Sure we can, for starters we can alert all interested parties that
this is underlying the spam problem and more importantly agree that
this is the real problem.

It's not the message, it's the amplification.

And the amplification is being obtained criminally and massively.

And it's only through this illegally obtained amplification is spam
the problem we see.

You've all got to stop thinking like end-users who can only see the
message on your screen and start thinking like network engineers and
ask questions like how the heck did some two-bit punk just send 100M
get rich quick spams from hundreds of different IP addresses?

And, further, would this really be much of a problem if they couldn't
do exactly that? Could Joe Chickenboner and his 386 on a 56k dialup
really send out 100M msgs from that one machine before being shut down
or at least blocked by 95% of the net? I don't think so.
[..]

In your opinion, isn't spam considering a specific case of a network abuse problem? Why is the spam problem any different from lets say a BBS user dialing in every moment and giving all other BBS users a busy signal. OR lets say in a shared-Unix system, a user grabbing too much disk space leaving not much for anyone else.

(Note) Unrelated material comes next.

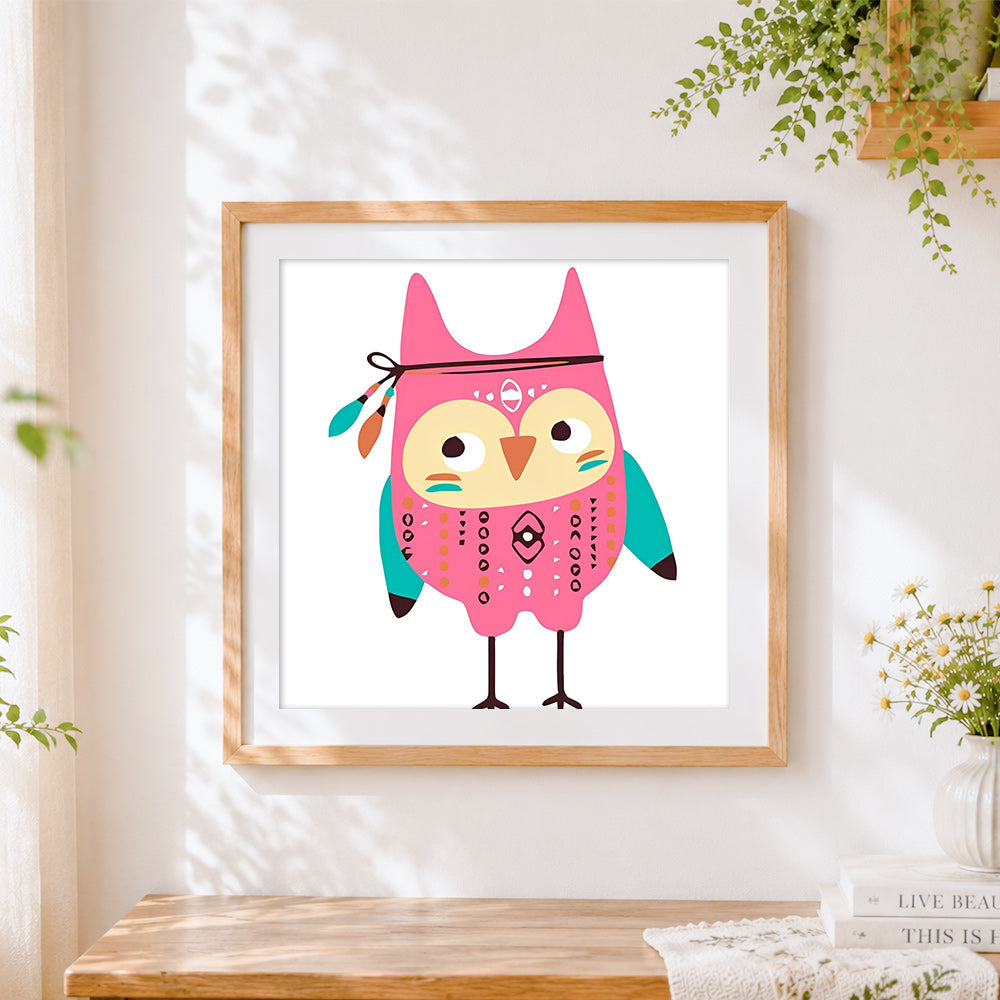 Finished pink boho owl cross stitch artwork displayed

In both cases, there were mechanisms in place to catch the wrongdoers and enforce the rules. The problem with the Internet is as many people have mentioned, is that it is an open system, written by people no expecting abuse - by people who trusted each user on the network to do the right thing. As far as I understand you, what you and Eric Brunner are trying to bring to everyone's attention, is the need for similar controls on the Internet so massive network abuse can be detected early and stopped.